AIM OF THE TASK — Output the data below in full, character for character.

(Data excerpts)
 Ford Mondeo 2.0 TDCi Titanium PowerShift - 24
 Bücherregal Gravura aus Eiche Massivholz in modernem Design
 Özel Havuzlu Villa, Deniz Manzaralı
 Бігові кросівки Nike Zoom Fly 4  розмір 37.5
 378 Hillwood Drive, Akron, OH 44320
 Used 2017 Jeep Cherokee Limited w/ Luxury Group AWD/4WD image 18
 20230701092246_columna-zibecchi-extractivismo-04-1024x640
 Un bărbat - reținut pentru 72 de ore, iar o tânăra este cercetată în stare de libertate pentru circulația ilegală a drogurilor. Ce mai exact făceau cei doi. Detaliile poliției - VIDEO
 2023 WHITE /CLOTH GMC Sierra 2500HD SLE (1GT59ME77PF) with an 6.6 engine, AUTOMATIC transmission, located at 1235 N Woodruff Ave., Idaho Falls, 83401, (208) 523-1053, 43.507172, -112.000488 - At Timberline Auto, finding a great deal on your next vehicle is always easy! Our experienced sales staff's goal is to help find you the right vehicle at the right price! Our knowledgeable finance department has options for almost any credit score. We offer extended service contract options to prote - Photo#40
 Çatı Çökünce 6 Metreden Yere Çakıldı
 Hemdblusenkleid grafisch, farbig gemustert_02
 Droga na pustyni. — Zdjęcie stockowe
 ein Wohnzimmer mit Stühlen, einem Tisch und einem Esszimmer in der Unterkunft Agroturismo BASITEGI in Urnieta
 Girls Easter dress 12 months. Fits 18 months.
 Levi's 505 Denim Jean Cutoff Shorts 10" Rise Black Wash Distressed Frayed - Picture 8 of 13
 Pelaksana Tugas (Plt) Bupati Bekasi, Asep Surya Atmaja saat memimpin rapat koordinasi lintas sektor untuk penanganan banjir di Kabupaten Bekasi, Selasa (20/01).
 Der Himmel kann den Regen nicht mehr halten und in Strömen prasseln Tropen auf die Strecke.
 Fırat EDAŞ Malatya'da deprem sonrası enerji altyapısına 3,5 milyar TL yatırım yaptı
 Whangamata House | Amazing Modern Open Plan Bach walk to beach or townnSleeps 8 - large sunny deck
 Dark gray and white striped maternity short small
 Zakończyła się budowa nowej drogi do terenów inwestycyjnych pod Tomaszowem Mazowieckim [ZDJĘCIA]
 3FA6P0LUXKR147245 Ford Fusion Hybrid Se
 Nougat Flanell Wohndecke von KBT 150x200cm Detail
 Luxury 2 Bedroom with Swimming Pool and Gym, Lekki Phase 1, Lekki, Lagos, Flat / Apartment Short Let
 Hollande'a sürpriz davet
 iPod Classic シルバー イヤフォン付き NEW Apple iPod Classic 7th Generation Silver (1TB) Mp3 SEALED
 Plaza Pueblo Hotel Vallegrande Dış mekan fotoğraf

EXERCISE RESPONSE —
 Ford Mondeo 2.0 TDCi Titanium PowerShift - 24
 Bücherregal Gravura aus Eiche Massivholz in modernem Design
 Özel Havuzlu Villa, Deniz Manzaralı
 Бігові кросівки Nike Zoom Fly 4  розмір 37.5
 378 Hillwood Drive, Akron, OH 44320
 Used 2017 Jeep Cherokee Limited w/ Luxury Group AWD/4WD image 18
 20230701092246_columna-zibecchi-extractivismo-04-1024x640
 Un bărbat - reținut pentru 72 de ore, iar o tânăra este cercetată în stare de libertate pentru circulația ilegală a drogurilor. Ce mai exact făceau cei doi. Detaliile poliției - VIDEO
 2023 WHITE /CLOTH GMC Sierra 2500HD SLE (1GT59ME77PF) with an 6.6 engine, AUTOMATIC transmission, located at 1235 N Woodruff Ave., Idaho Falls, 83401, (208) 523-1053, 43.507172, -112.000488 - At Timberline Auto, finding a great deal on your next vehicle is always easy! Our experienced sales staff's goal is to help find you the right vehicle at the right price! Our knowledgeable finance department has options for almost any credit score. We offer extended service contract options to prote - Photo#40
 Çatı Çökünce 6 Metreden Yere Çakıldı
 Hemdblusenkleid grafisch, farbig gemustert_02
 Droga na pustyni. — Zdjęcie stockowe
 ein Wohnzimmer mit Stühlen, einem Tisch und einem Esszimmer in der Unterkunft Agroturismo BASITEGI in Urnieta
 Girls Easter dress 12 months. Fits 18 months.
 Levi's 505 Denim Jean Cutoff Shorts 10" Rise Black Wash Distressed Frayed - Picture 8 of 13
 Pelaksana Tugas (Plt) Bupati Bekasi, Asep Surya Atmaja saat memimpin rapat koordinasi lintas sektor untuk penanganan banjir di Kabupaten Bekasi, Selasa (20/01).
 Der Himmel kann den Regen nicht mehr halten und in Strömen prasseln Tropen auf die Strecke.
 Fırat EDAŞ Malatya'da deprem sonrası enerji altyapısına 3,5 milyar TL yatırım yaptı
 Whangamata House | Amazing Modern Open Plan Bach walk to beach or townnSleeps 8 - large sunny deck
 Dark gray and white striped maternity short small
 Zakończyła się budowa nowej drogi do terenów inwestycyjnych pod Tomaszowem Mazowieckim [ZDJĘCIA]
 3FA6P0LUXKR147245 Ford Fusion Hybrid Se
 Nougat Flanell Wohndecke von KBT 150x200cm Detail
 Luxury 2 Bedroom with Swimming Pool and Gym, Lekki Phase 1, Lekki, Lagos, Flat / Apartment Short Let
 Hollande'a sürpriz davet
 iPod Classic シルバー イヤフォン付き NEW Apple iPod Classic 7th Generation Silver (1TB) Mp3 SEALED
 Plaza Pueblo Hotel Vallegrande Dış mekan fotoğraf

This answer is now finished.